242: The number of valid formats of state identification in the U.S., a fact that officials say makes it far too easy to counterfeit IDs or to obtain legitimate IDs fraudulently.

350: The estimated number of search-and-rescue dogs, many from faraway states, deployed at the World Trade Center site. The American Kennel Club and the Ralston Purina Co. are funding a $100,000, three-year study to measure physical and psychological problems suffered by search dogs at ground zero.

400: The number of National Guard troops stationed along the 4,000-mile border between the U.S. and Canada, which has more than 100 crossing points that since Sept. 11 have been staffed 24 hours a day.

500: The estimated number of New York City police officers who filed retirement papers in October, nearly three times as many as the number who did in October 2000.



790: The number of people treated for injuries at the five medical facilities closest to the World Trade Center in the two days after the terrorist attack, according to a federal report. Forty-nine percent were treated for breathing difficulties, and 26 percent for eye injuries.

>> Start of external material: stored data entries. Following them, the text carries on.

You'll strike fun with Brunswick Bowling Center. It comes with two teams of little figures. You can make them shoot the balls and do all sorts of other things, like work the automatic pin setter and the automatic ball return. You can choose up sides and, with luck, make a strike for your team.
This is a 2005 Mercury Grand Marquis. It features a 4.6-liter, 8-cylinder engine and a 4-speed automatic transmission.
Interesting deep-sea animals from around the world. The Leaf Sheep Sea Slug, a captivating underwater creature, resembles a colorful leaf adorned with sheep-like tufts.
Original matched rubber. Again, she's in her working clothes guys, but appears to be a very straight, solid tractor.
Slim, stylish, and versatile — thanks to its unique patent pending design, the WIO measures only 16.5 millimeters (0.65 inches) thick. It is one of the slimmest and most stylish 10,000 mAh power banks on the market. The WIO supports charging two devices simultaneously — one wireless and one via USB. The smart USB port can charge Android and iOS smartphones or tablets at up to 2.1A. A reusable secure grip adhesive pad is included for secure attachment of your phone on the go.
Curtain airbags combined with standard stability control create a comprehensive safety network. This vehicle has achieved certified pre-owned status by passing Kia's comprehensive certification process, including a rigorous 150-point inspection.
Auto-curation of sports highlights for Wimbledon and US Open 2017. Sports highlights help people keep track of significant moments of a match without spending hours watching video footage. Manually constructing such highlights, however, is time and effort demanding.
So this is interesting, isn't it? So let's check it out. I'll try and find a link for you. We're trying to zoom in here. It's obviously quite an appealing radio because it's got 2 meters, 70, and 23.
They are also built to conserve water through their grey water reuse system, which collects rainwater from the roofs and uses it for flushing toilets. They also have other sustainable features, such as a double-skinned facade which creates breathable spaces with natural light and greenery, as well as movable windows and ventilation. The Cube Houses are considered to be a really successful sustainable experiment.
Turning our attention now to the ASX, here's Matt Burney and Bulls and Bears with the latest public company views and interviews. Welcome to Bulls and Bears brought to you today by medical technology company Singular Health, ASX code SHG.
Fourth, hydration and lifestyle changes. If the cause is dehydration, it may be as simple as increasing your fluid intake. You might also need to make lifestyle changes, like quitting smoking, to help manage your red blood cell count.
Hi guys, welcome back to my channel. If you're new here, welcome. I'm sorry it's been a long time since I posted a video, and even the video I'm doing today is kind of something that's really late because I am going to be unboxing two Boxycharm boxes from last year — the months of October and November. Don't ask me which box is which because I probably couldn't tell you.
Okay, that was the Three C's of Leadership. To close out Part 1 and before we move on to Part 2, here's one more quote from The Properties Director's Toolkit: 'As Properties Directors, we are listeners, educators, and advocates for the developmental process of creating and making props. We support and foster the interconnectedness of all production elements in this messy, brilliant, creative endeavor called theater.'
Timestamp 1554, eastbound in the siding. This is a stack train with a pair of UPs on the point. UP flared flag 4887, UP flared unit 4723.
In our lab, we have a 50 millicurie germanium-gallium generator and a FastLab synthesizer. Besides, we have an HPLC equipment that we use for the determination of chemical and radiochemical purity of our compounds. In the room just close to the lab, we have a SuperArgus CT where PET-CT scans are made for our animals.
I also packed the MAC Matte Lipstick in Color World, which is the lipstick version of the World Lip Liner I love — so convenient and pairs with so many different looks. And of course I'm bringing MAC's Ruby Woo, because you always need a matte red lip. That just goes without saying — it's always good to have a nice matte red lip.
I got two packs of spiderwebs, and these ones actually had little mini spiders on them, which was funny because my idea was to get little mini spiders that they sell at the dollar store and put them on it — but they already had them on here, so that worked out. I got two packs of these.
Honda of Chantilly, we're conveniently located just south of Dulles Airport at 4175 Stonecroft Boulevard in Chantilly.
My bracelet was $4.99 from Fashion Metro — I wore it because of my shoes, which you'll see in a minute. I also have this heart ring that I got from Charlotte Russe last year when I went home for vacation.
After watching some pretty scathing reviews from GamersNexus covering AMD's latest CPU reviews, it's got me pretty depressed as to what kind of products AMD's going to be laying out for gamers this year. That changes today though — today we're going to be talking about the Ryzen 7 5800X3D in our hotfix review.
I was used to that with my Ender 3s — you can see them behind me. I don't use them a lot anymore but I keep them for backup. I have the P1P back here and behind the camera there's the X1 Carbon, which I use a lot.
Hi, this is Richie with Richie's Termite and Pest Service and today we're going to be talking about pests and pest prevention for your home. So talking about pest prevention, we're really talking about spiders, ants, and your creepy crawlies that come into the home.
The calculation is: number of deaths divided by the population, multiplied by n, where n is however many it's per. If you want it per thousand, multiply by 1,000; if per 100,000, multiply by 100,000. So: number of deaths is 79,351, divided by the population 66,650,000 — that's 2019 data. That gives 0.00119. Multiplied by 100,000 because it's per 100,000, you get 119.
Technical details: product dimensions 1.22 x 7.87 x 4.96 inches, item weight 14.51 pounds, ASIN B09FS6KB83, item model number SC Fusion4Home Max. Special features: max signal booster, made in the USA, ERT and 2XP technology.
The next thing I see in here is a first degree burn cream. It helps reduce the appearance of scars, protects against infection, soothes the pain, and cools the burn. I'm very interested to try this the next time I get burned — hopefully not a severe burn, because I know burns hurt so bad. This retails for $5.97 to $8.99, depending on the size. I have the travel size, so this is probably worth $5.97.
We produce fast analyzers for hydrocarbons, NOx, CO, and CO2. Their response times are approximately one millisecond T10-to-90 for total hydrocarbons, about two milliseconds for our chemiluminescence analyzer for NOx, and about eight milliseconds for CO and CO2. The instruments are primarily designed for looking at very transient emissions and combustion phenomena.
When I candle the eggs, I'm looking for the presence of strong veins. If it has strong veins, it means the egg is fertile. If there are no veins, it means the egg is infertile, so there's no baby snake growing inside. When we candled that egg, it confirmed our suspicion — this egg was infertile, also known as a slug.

1,200: The estimated number of people arrested or detained in connection with the ongoing terrorism investigation, as of the end of November. One hundred and four people face federal criminal charges ranging from fraud to forgery, of whom 55 are in custody and 49 are being sought or have been released on bail. More than 500 of the detainees have been released.

4,000: The number of airplane cockpit doors reinforced with security bars since the Sept. 11 attacks. The airlines are required by mid-2003 to install doors made of impenetrable materials.

4,200:The number of vessels that the Coast Guard boarded in the Atlantic in the first two months after Sept. 11. At least 53 ships were detained and 10 people were turned over to law enforcement agencies.

5,000: The number of Middle Eastern men who entered the United States on temporary visas that the Justice Department has said it wants to question. More than 700 of those on the list live in the Detroit area.

5,000: The number of immigration inspectors assigned to cover the borders with Mexico and Canada. The inspectors handle more than a half-billion border crossings each year.

$5,000: The amount of money, believed to be leftover expense funds, wired back to the United Arab Emirates by each of three hijackers before the Sept. 11 attacks.

15,800: Reports of anthrax received by the U.S. Postal Service — an average of 500 to 600 calls a day in the eight weeks immediately following the first reported case in mid-October. The Postal Service reported that 58 people were arrested and charged nationwide in connection with anthrax hoaxes or threats.

28,000: The number of airport baggage-screening personnel who will become federal employees under new anti-terrorism legislation.

35,000: The number of military reservists called to active duty on Sept. 15 — a call-up that could hurt already strapped police departments.

55,000: The number of NYPD personnel who will undergo mandatory psychological counseling to address post-traumatic stress stemming from the World Trade Center attack.

117,000: The number of e-mailed tips processed by the FBI as part of the ongoing terrorism investigation. Private-sector companies, including Internet service p[roviders and telecommunications firms, donated millions of dollars in services and equipment to help the FBI handle the e-mail volume.

$500,000: The estimated cost of financing the terrorist attacks. The money was used for the hijackers’ travel within the United States, living expenses and training during the lengthy planning period.

1 million: The number of tons of debris removed from the World Trade Center site.

1.6 million: The estimated number of jobs that will be wiped out in 2002 as a result of the Sept. 11 attacks, according to the Milken Institute, a Santa Monica, Calif., think tank. The job losses are expected to hit hardest in the tourism and airline industries, but also affect such sectors of the economy as entertainment, advertising, dining and financial services.

$6.2 million: The amount of cash, money orders and checks seized by Customs agents in October and November as part of a program to stop terrorist networks from smuggling U.S. currency out of the country.

$1.5 billion: The projected cost of overtime put in by the 40,000-officer New York City Police Department in the 2001-2002 fiscal year.